Now as for rafting the Nile, here is the lowdown since I know some people reading are into this big-time, *cough*Sturman.* One full day of something like four class-5, three class-4, and five class-3 rapids (I
hope I remembered that more or less correctly) runs you USD125, but a second day runs only USD55. The rapids in the morning lay on one side of some proposed dam that is to be constructed by next year, thus eliminating all the rapids of the morning (so get here, fast.) You go off in the am with groups on the rafts along with safety kayakers, all local Ugandans who are totally ripped and do amazing stunts in their one-man kayaks while floating down the river with you the whole day. I mean, they get paid for this and all I think they do is try to hook up with foreign chicks the entire day while flexing their perfect bodies in the sun. I don't really know anything about kayaking, but apparently rafting at Bujagali Falls is flipping up there sweet, in Africa only comparable to rafting on the Zambezi. Our Aussie guide says that it had to be some of the absolute best he has every done, and he isn't saying this because he currently works here. So all in all, the rafting was pretty good and I was contemplating bungee-jumping up there as well until somebody told me
the guys who run that operation can't be trusted.
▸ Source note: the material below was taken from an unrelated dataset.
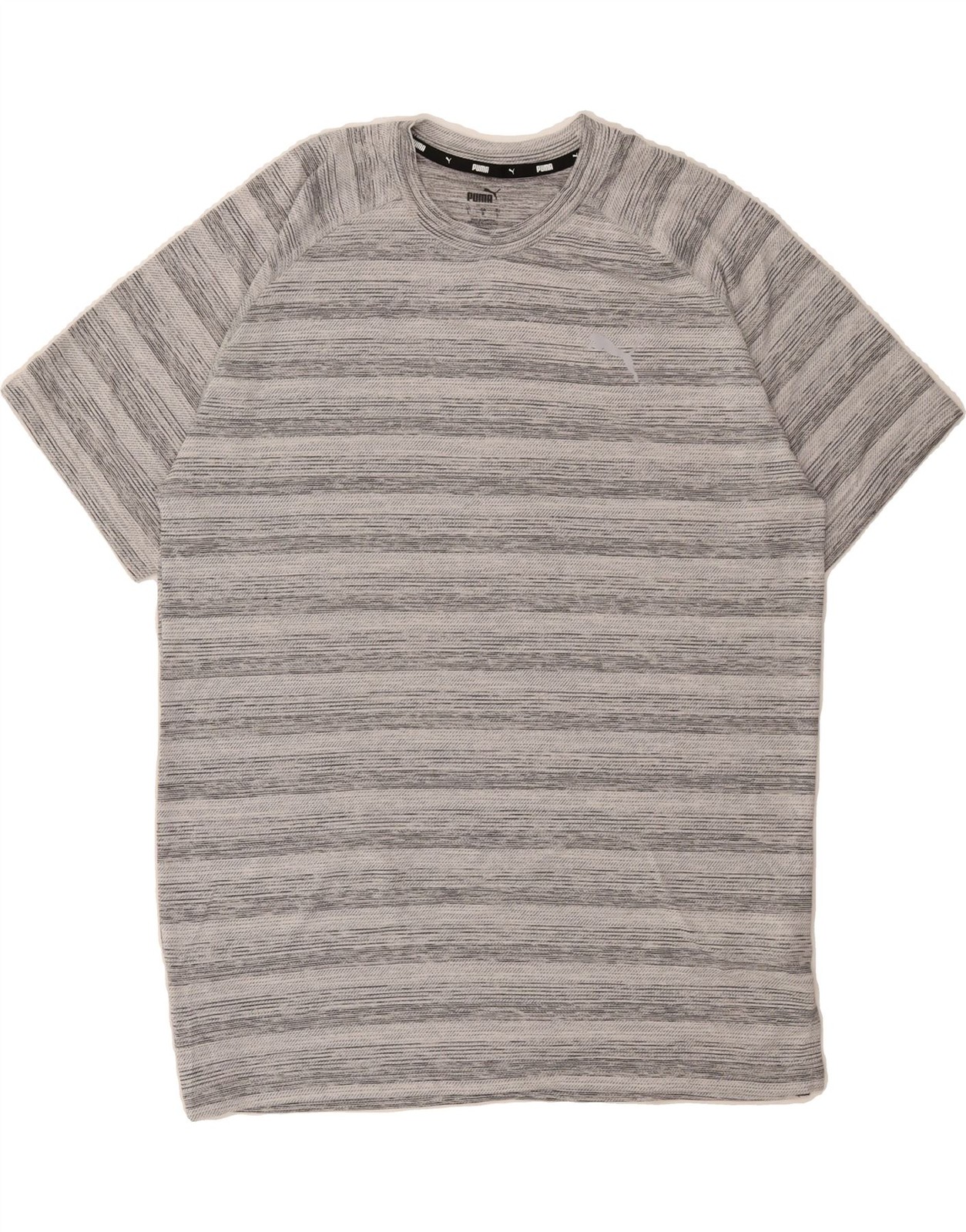 PUMA Mens T-Shirt Top Large Grey Striped Polyester DD49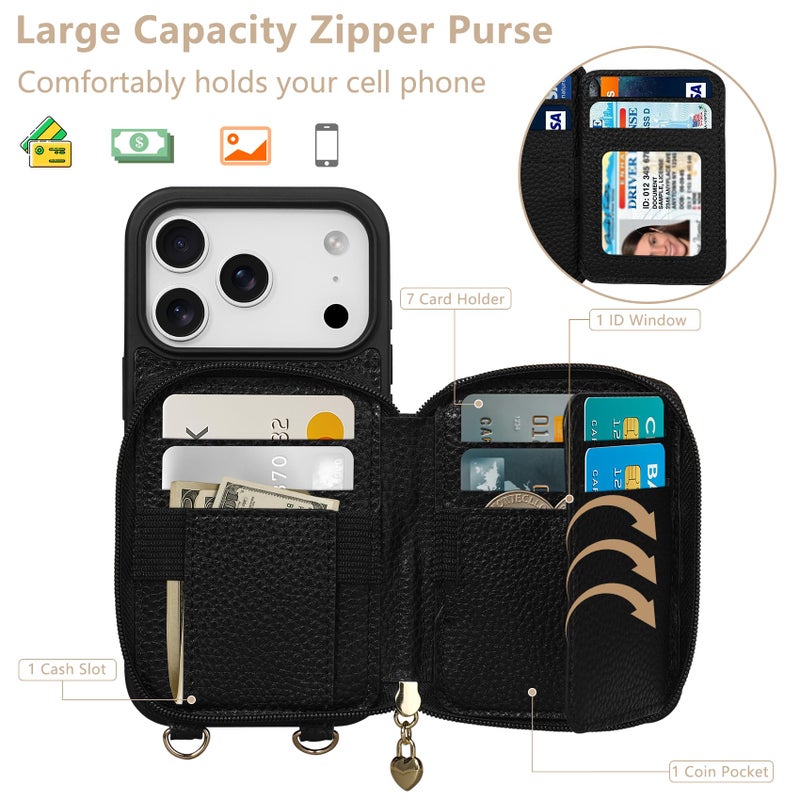 Keallce Case for iPhone 17 Pro 6.3'' Case Wallet, Crossbody Zipper Purse with RFID Blocking Card Slots Kickstand, Lanyard & Handstrap Flip Folio Leather Phone Cover for iPhone 17 Pro, Black - Image 2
Pass.
We stay at a backpackers place up at actual Bujagali where the night scene was fun at first and then just got really loud and monotonous. Boy, am I tired of overland trucks. Is anybody with me on this? For those of you who haven't traveled in Africa, these overland trucks are large vehicles that usually bring about 30-40 people, normally of all the same nationality, around certain routes through the continent hitting all the bit tourist spots. And when they come they are fun at first, but then they get loud, and then they get annoying because you meet the same person over and over and over about 40 times throughout the night. Oh yeah, and if your hostel has overland truck business you can bet that the showers are always full and the toilets always overrun. So we meet some people, play some cards, people find really weak Ugandan weed, Brazilians approach me clamoring in Portugese only to discover that I am not, in fact, Brazilian.
Post-Jinja:
- I snap up the opportunity to head back to Kampala with Dave to catch Uganda play Benin
in a World Cup qualifier. We get, of course, completely decked out in Uganda gear and I am given a free whistle which I will abuse for weeks after. Uganda wins, happy days, we get a lot of free stuff as we stroll around as clear Uganda supporters. Dave and I get to know each other better, but not in a sexual way because it is now that I learn that Dave is a huge man-whore as I sit and watch him get with new girls at every change of scene. Dave is great.
- Every Monday in Kampala local musicians gather at the National Theater for a jam session. These are free and known to be a really good time. Dave and I go to check it out and learn the movements of a Ugandan pickpocketer. After getting robbed at the parade, Dave has been super sensitive to any accidental touching near his pockets. This is how we suss out a potential working pickpocket, and we spend the rest of the night high-fiving rastas, drinking Nile, and staring down a really ugly local. Ugly Local moves about the room constantly and doesn't spend much time standing in the
same place. Ugly Local eyes every Mzungu that walks through the door and immediately places himself in said Mzungu's vacinity, usually standing directly behind at a really awkwardly romantic angle. He does not watch the musician or dance with the music, but instead has his eyes constantly glued on others' hand movements and pockets. I had a fun time moving around when Ugly Local had his sights on me.
I lack the energy or creativity to think any more right now. Sorry for the lameness of this entry, but this is to prove that I am actually doing things in Africa instead of just sitting around hating on South Africa and American NGO workers.